Deferred prosecution agreements (DPA’s) made the headlines when Rolls-Royce paid a total of £671M to settle allegations that it used bribes to land export contracts and Tesco was fined £129M for having misreported profits. 

Bot settlements were DPA’s. They were big penalties but obtaining a DPA meant the companies did not face criminal prosecution. If a company wants a DPA, however, it has to know how to manage its affairs when an investigation commences. 


DPA’s were introduced under the provisions of Schedule 17 of the Crime and Courts Act 2013. They are available to the Crown Prosecution Service (CPS) and the Serious Fraud Office (SFO). 

A DPA is an agreement reached (under the supervision of a judge) between a prosecutor and an organisation which could be prosecuted. It allows a prosecution to be suspended provided that the organisation meets certain specified conditions. The organisation must admit the criminal behaviour and agree to work under certain conditions that the SFO or CPS decides to impose. These conditions could be changes to working practices or staff, paying fines or introducing anti-corruption measures. 

If the company meets these conditions for a set length of time, it avoids prosecution. 

But the authorities will only offer a DPA to a company under investigation if they believe: 

* It is a more suitable option than prosecution. 

* The company has shown a genuine will to put right the wrongdoing. 

* The company has made efforts to prevent it happening again. 

If a company has uncovered wrongdoing, it needs to seek specialist legal advice as soon as possible. 

Such an expert can: 

* Assess the wrongdoing. 

* Advise on how to report it – if the authorities are not already aware of it. 

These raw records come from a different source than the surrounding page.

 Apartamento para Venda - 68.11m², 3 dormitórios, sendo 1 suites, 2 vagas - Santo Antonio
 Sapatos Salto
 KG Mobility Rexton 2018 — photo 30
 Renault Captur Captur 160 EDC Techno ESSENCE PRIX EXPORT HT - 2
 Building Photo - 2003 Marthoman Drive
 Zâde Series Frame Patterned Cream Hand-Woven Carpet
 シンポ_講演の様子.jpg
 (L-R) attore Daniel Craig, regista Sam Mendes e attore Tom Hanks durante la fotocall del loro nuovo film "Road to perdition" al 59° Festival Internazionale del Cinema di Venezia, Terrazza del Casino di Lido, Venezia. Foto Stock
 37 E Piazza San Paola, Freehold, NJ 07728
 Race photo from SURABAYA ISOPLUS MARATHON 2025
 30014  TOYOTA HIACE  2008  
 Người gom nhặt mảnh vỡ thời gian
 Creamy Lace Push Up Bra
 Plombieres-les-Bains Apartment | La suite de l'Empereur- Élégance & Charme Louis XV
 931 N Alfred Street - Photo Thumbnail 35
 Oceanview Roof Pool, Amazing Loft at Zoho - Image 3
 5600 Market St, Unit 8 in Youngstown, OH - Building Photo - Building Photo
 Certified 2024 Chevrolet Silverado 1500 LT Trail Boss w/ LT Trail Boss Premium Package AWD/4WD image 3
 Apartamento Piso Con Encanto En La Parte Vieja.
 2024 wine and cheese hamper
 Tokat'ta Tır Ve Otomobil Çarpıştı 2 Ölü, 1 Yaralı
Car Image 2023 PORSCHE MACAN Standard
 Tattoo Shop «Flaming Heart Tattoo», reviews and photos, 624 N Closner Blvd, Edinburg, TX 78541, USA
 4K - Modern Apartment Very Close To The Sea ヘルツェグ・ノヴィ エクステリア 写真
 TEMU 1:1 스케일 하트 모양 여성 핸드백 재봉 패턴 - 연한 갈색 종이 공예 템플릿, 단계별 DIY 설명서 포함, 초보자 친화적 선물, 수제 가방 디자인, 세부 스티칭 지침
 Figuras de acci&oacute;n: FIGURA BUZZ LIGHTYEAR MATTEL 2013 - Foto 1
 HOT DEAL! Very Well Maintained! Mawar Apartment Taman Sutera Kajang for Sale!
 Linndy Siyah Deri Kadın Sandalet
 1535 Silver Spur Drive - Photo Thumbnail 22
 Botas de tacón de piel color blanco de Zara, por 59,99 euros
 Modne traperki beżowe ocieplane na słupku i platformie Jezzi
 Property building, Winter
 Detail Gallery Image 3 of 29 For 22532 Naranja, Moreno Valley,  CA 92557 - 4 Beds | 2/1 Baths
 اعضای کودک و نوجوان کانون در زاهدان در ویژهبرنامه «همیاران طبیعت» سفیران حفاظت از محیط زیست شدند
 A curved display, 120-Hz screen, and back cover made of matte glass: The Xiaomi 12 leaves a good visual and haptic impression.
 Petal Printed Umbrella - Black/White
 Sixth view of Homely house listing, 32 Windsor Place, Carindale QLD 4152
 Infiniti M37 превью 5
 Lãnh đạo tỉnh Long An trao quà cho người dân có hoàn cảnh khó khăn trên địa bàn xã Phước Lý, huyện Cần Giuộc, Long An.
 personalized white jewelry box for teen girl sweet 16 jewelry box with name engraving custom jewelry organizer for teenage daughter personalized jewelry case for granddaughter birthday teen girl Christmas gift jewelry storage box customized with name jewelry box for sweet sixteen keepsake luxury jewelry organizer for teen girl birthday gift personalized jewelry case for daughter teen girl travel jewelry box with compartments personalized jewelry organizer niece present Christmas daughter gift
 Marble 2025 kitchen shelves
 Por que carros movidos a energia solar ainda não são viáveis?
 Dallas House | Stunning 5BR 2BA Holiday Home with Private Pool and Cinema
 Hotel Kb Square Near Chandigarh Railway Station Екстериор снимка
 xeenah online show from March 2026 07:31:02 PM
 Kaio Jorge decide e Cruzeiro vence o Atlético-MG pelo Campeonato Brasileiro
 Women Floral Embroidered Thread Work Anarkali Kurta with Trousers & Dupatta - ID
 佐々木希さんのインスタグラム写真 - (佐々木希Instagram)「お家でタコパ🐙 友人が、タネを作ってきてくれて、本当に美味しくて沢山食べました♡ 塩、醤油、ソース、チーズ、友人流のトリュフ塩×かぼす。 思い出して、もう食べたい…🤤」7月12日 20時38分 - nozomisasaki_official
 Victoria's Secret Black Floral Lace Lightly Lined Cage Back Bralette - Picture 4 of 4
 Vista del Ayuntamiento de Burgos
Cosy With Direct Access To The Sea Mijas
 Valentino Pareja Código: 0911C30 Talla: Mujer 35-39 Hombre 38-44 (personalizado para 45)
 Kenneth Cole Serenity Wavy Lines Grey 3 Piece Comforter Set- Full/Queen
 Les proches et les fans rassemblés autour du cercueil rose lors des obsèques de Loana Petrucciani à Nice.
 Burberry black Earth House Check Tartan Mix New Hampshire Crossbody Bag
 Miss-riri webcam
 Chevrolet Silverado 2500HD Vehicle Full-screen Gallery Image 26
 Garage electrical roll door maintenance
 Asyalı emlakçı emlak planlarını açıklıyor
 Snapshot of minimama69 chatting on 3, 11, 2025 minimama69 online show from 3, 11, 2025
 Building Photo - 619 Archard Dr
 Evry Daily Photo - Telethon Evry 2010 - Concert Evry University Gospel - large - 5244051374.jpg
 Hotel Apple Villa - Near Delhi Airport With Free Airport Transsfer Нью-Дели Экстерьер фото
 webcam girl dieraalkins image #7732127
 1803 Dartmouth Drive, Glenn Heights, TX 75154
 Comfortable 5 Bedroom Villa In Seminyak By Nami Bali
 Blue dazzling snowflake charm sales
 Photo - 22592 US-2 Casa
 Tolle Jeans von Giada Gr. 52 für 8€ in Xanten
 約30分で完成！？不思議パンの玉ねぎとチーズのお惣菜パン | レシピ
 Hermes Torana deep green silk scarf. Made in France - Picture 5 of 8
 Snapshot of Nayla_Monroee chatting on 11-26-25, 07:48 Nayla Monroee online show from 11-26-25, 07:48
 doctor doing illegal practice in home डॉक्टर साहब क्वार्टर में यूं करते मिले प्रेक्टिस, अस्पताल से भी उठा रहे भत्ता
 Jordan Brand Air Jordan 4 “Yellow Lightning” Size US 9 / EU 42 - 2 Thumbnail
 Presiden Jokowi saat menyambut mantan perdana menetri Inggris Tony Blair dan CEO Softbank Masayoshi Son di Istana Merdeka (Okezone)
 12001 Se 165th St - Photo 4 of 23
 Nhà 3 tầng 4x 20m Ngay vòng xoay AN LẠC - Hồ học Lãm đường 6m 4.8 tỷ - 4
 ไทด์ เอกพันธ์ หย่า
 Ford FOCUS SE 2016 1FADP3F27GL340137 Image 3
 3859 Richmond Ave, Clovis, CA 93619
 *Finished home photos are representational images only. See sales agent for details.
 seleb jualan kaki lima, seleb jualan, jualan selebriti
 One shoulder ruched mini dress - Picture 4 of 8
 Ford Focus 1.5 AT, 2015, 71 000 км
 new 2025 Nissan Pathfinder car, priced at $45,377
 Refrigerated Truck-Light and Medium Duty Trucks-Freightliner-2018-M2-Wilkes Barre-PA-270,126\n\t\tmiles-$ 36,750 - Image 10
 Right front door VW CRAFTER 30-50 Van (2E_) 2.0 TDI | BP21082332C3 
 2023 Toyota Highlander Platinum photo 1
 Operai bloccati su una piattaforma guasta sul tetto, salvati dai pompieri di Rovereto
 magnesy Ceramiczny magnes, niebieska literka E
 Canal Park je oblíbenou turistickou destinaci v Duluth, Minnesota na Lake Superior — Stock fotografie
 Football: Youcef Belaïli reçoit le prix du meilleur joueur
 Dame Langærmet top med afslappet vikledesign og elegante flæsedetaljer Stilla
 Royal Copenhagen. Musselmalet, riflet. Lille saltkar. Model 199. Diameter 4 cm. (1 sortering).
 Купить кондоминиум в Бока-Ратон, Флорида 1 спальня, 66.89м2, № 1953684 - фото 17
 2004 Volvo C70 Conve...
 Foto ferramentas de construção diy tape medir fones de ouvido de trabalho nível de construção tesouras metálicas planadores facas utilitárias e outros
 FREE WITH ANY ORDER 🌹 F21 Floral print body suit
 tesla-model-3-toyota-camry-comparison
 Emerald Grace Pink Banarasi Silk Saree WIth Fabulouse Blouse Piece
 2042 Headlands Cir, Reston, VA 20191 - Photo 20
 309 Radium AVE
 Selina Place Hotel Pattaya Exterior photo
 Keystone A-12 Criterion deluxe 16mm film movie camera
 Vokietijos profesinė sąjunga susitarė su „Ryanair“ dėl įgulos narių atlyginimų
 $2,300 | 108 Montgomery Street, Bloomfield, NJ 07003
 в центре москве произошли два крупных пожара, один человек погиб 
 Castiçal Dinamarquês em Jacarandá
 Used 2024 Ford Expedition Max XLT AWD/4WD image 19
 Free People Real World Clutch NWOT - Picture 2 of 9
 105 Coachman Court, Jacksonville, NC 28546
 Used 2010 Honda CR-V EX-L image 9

* Help devise procedures to prevent it happening again. 


If a company is to have any chance of obtaining a DPA, it must work with the investigators. 

This can involve a number of factors:

Cooperation: Rolls-Royce did not self-report its wrongdoing but it did do all it could to assist the SFO in its investigations once the illegal activity had been uncovered. The DPA settlement noted the aircraft manufacturer’s “extraordinary co-operation’’, which not only helped it obtain a DPA; it also counted towards the 50% discount on the size of the financial penalty imposed as part of it. 

Culture change: A DPA is only likely to be offered if the SFO (or CPS) recognises that changes have been made to the way a company under investigation operates. The Rolls-Royce DPA settlement noted that the firm is “no longer the company that once it was’’; having introduced anti-bribery measures, carried out its own investigations, reviewed its ethics and compliance policies and reexamined its approach to due diligence, risk assessment and relationships with intermediaries. 

Personnel: Rolls Royce disciplined 38 people and by the time the DPA was concluded all the senior executives who had been in charge during the period under investigation had departed. Tesco saw a number of senior departures prior to its DPA; with Chief Executive Dave Lewis stating “We have worked hard to make Tesco a different company’’. Changes at board level and senior management level are an indicator of alterations to a company’s culture; which enhances its chances of a DPA.

A company must also know how to emphasise certain factors that may tilt investigators towards a DPA.

While Rolls-Royce was being investigated, it reported to the SFO that it employed 50,000 people and that any prosecution of the firm may harm those jobs and many others in the wider UK defence industry and its supply chain.

Not every firm under investigation can make such claims. But they may well have their own set of circumstances that can be explained and emphasised in order to convince investigators of the value of a DPA.  

If we look at the case of Barclays, it illustrates what we are saying. It has been under investigation by the SFO and now both the bank itself and four former executives have been charged in relation to a Qatari refinancing deal made in 2008.

Barclays has not admitted any wrongdoing and has unsuccessfully challenged the SFO’s right to see 100,000 documents. If you do not admit the wrongdoing, you cannot obtain a DPA. 

The bank may feel it is in the right and should challenge the SFO allegations, which is understandable. But the DPA offers a number of benefits to a company suspected of wrongdoing – and it would be foolish to act in a way that prevents it becoming a realistic option.